The idea that the entire country could be divided into marketing areas by TV station viewing patterns is taken for granted today, but, it is the spine of modern media planning.
In the 1960's, the only defined markets available to planners were states,
cities, counties and metro areas. The Postal Service had not yet introduced
Zip Coding. None of this market geography worked for television, whose signals
knew few boundaries.
The rating services reported "metro ratings" and "station total audiences,"
much as radio is reported today. Both Nielsen and ARB were stumped by the problem
of defining a common TV market area, which would satisfy all of their station
clients in a market.
Since there was no standard, there was infinite variety. Each station defined
the TV market in its own self-interest based the reach pattern of its own signal,
so in effect, there were as many markets as there were stations. The situation
was chaos for the national advertiser, who needed a uniform set of markets to
plan television advertising.
Every three years or so, Nielsen would do a coverage study, mailing postcard
ballots to viewers across the country to collect station-viewing in each of
the 3,000-plus U.S. counties. A handful of advertisers, like Procter & Gamble,
would buy the survey results and assign an agency to transform the data into
viewing-based definitions of markets for all P&G agencies. Few other advertisers
had the P&G's ambition, so for the majority of brands, national spot TV
planning remained irksome and inexact.
Enter Bill Harvey
Bill Harvey is not modest, nor should he be. Early in his career, he applied
for a job in media research at BBDO and was asked to complete an impossible
100 question quiz, designed more to humble his spirit than to judge his competence.
The legend goes Bill answered 96 correctly and on the four marked wrong, convincingly
argued that his answers were better.
He rejected BBDO's job-offer and went to McCann Erickson.

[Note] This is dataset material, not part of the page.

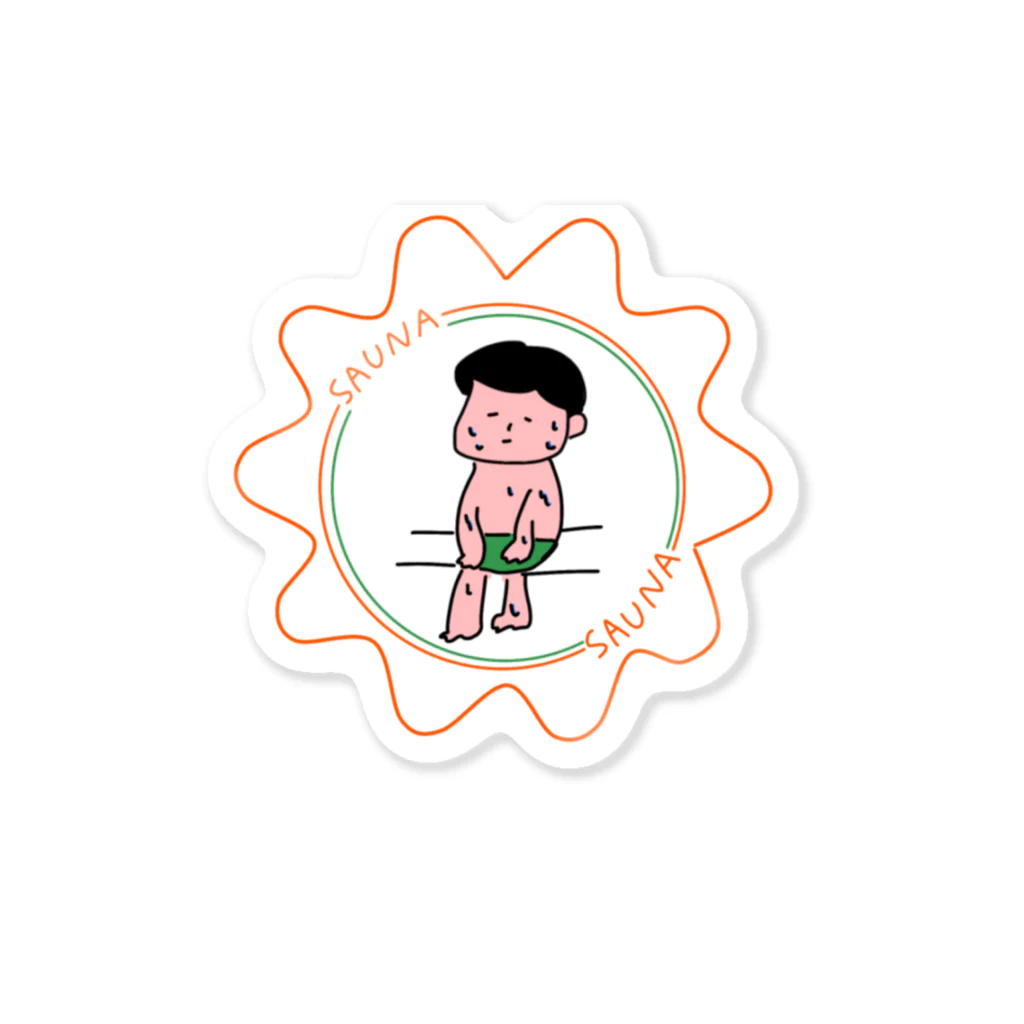 サウナハマって幸せのサウナスキスギ君 Sticker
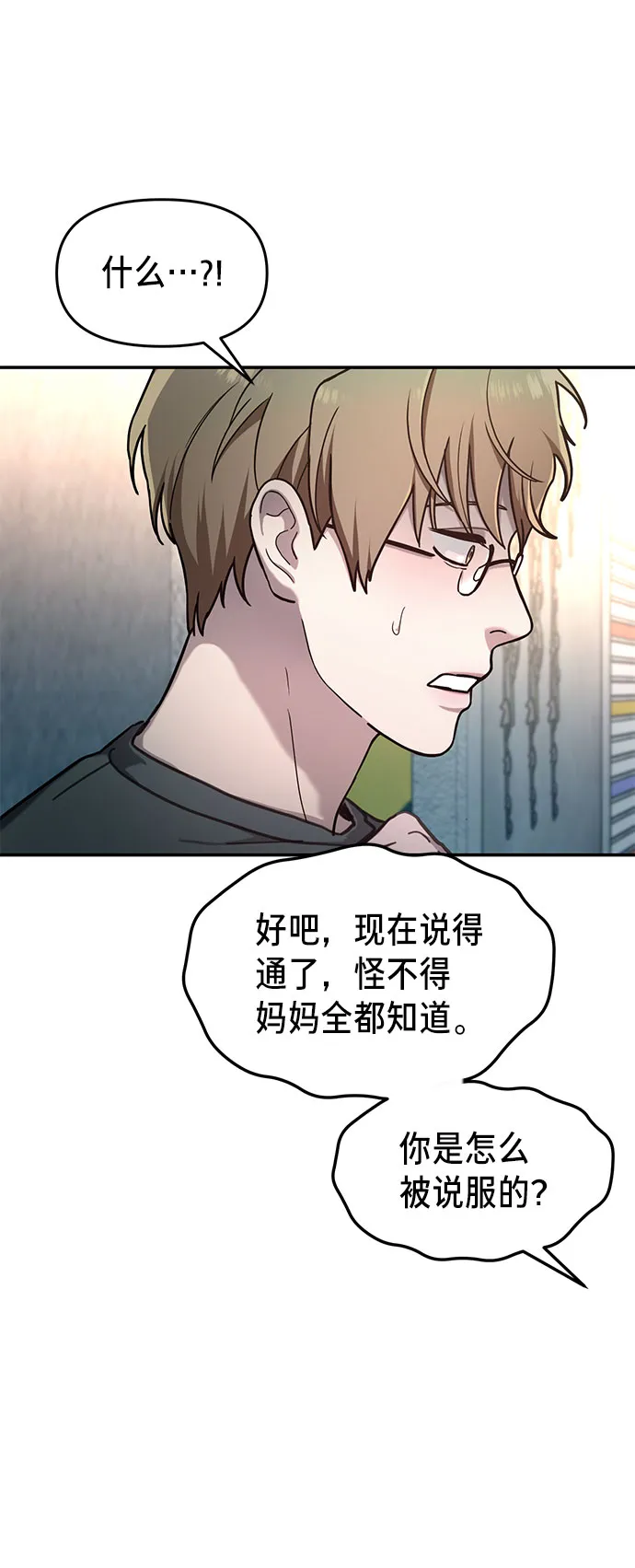 第38话 第38页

At the time, the American Research Bureau (now Arbitron) was rapidly losing the battle with Nielsen for the local TV station ratings business. Both research firms were being whipsawed by stations, which wanted two suppliers to keep the price of research competitive.
An audience-based
definition of TV markets.
ARB knew that while TV stations pay most of the money for ratings, the national agencies control which service is used. They hired Bill, with his agency experience, to help create a rating service designed for agencies. Harvey's big idea was the "Area of Dominant Influence," an audience-based definition of TV markets.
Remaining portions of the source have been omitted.